What is needed
The answer must be an exact copy of the records, with no pictures in it.

── Records supplied ──

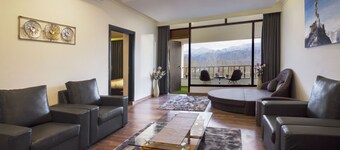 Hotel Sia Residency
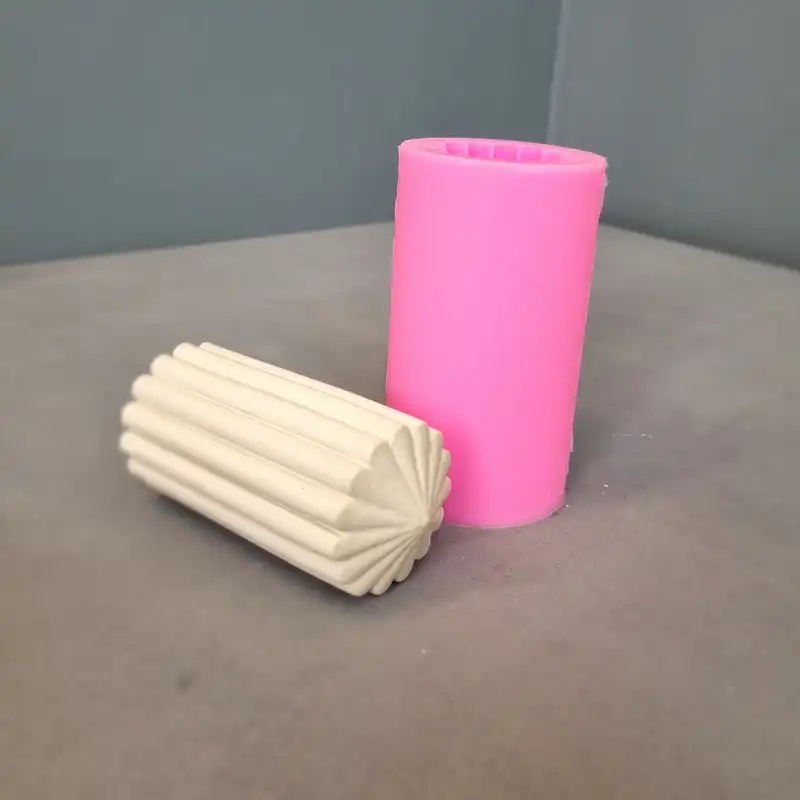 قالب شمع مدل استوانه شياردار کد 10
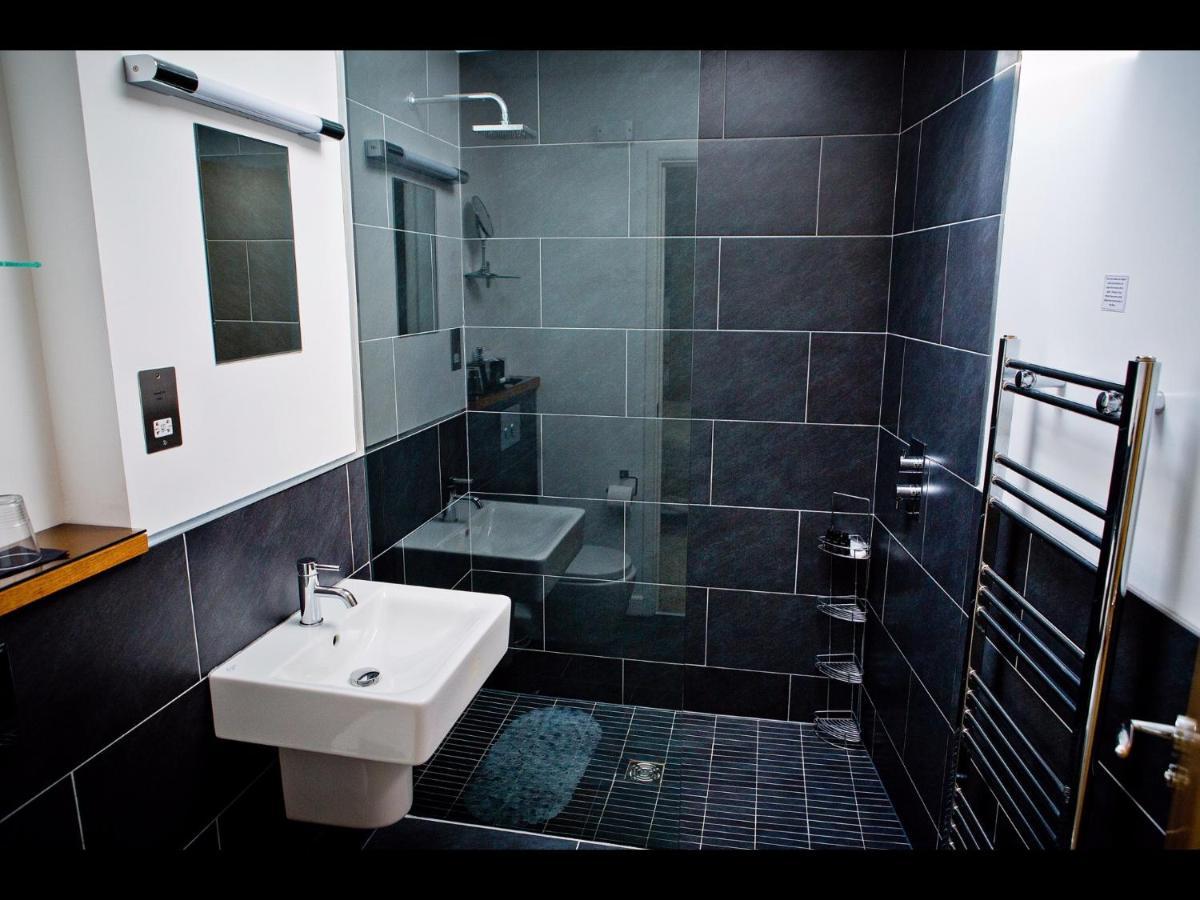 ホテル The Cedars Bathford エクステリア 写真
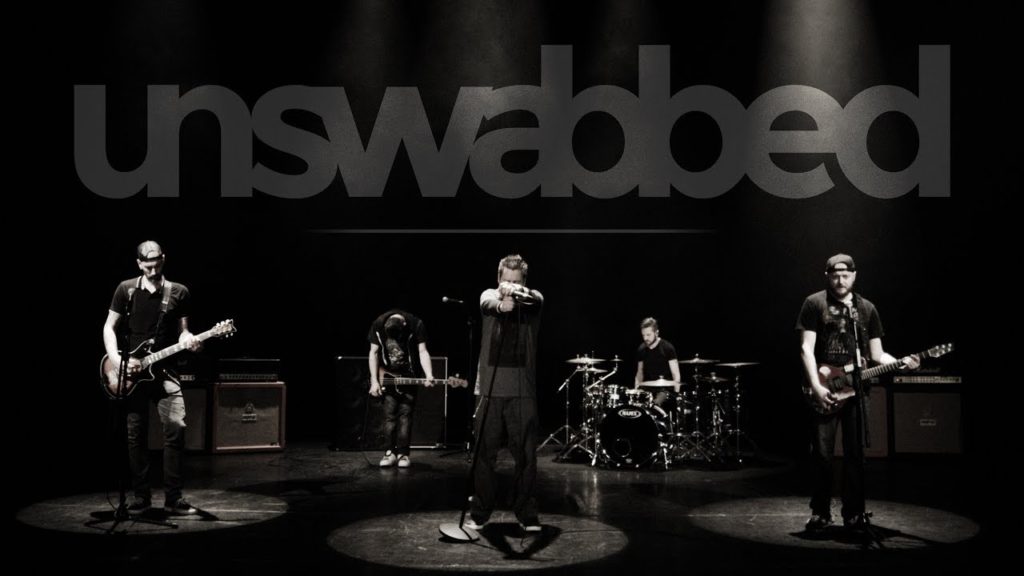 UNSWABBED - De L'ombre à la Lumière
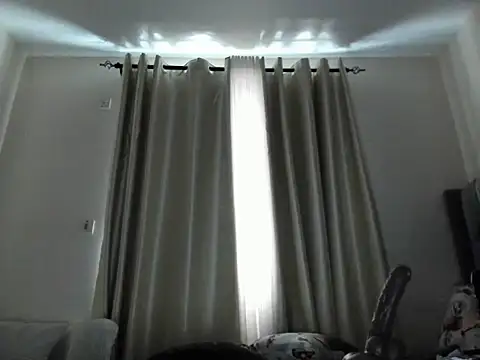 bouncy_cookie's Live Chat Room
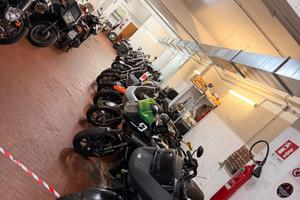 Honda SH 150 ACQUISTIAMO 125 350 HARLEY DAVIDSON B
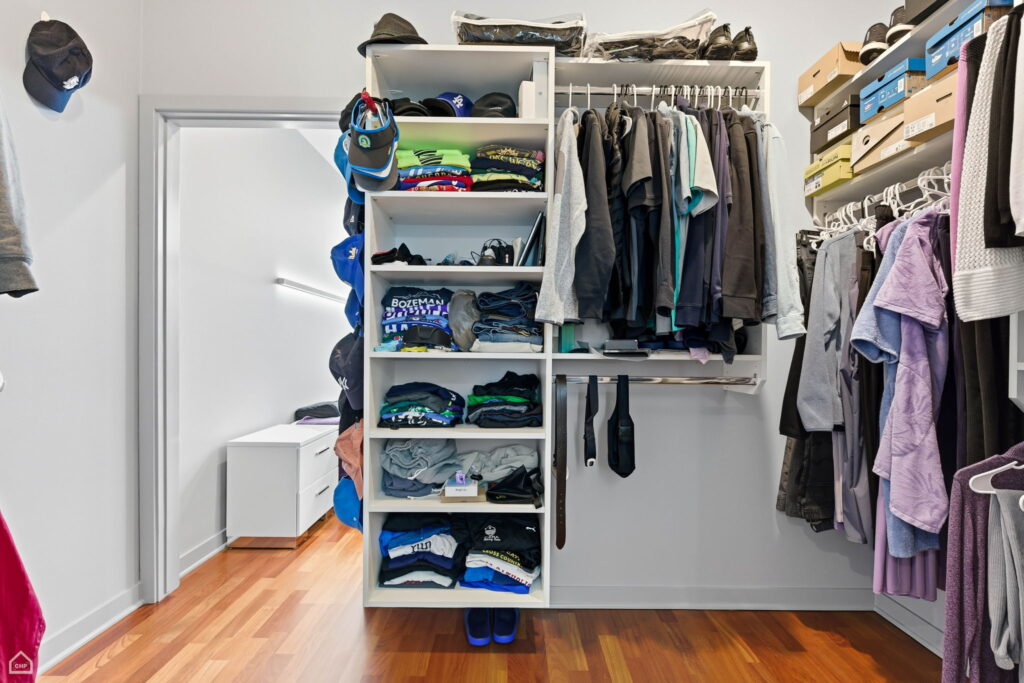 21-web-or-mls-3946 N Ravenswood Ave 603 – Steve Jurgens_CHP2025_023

───

Exercise output
 Hotel Sia Residency
 قالب شمع مدل استوانه شياردار کد 10
 ホテル The Cedars Bathford エクステリア 写真
 UNSWABBED - De L'ombre à la Lumière
 bouncy_cookie's Live Chat Room
 Honda SH 150 ACQUISTIAMO 125 350 HARLEY DAVIDSON B
 21-web-or-mls-3946 N Ravenswood Ave 603 – Steve Jurgens_CHP2025_023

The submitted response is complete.